Belief could be positive or negative. If it is negative to majority in a country that claims to be sovereign, there needs to be visible separation between the positives and negatives so they would be active as the two poles. In a democracy Sovereignty of the whole is determined by the sovereignty of the smallest independent group. The adversarial system is based on this. Hence Equal status to leading Opposition in Parliament.  In terms of this government, religious minorities who strongly believe in their own religions are negatives and v.v. The positive value of this is the diversity that it carries. With it comes the  responsibility to have separate articles that are applicable to non-Buddhists – as covered in Article 9 which includes responsibility to assure rights under Articles 10 and 14(1)(e).


Where one believes in common the autocratic system is the easier structure to work.

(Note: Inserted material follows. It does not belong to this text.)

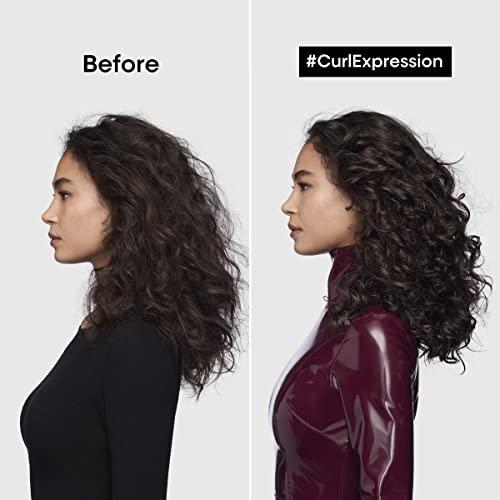 L'Oréal Professionnel Paris Curl Expression 10-in-1 Mousse - Lockenpflege für definierte, gestärkte Locken mit Hitzeschutz - 8,2 fl oz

When the foundation of this system is our ancestors, the structure tends to be tall. When we embrace democracy – this height becomes the lateral distance that our belief reaches. Hence a religious structure that grows naturally tall through belief and binds its senior-most person to its junior-most person, will convert itself to include the most distant culture in a democratic structure. This could be secular culture in Buddhist Sri Lankan government.


By taking the advice of the Supreme Court, this government confirms that its proposed Amendments are not belief based. In contrast this government did not seek the advice of the Judiciary in the case of Prevention of Terrorism Act before declaring as follows through its Cabinet Spokesman:


[“The PTA is back in the statute book, empowering the police and armed forces to face any threat posed to national security from any quarter.”]


If this government believed in PTA – it is understandable due to Mr Gotabaya Rajapaksa – a Defence expert being part of that group over a long period. But that law was made by the UNP government which is known to be more democratic than the current government. Given that ethnic minorities by belief would consider this to be negative, the PTA required the scientific advice of the Judiciary much more than the 20th Amendment did.

The ‘Buddhism foremost’ article in the Constitution confirms Constitutional separation of powers based on religion. Any amendment to the Constitution therefore has to have the separate approval of political groups that represent minority non-Buddhist groups in national Parliament. They are the natural opposition that confirm natural democracy in parliament. If these groups oppose such amendments – they need to present their Equal Alternatives to the proposals along lines similar to articles 10 and 14(1)(e). This would facilitate smooth globalisation of Sri Lanka, through belief based powers that are rooted in our ancestry.

Due to Buddhism foremost article in the constitution making the power of any Buddhist opposition relative, the Sri Lankan government driven by Buddhism is unable to enjoy the higher access  of Absolute power of belief. This is why they say that man proposes and god disposes.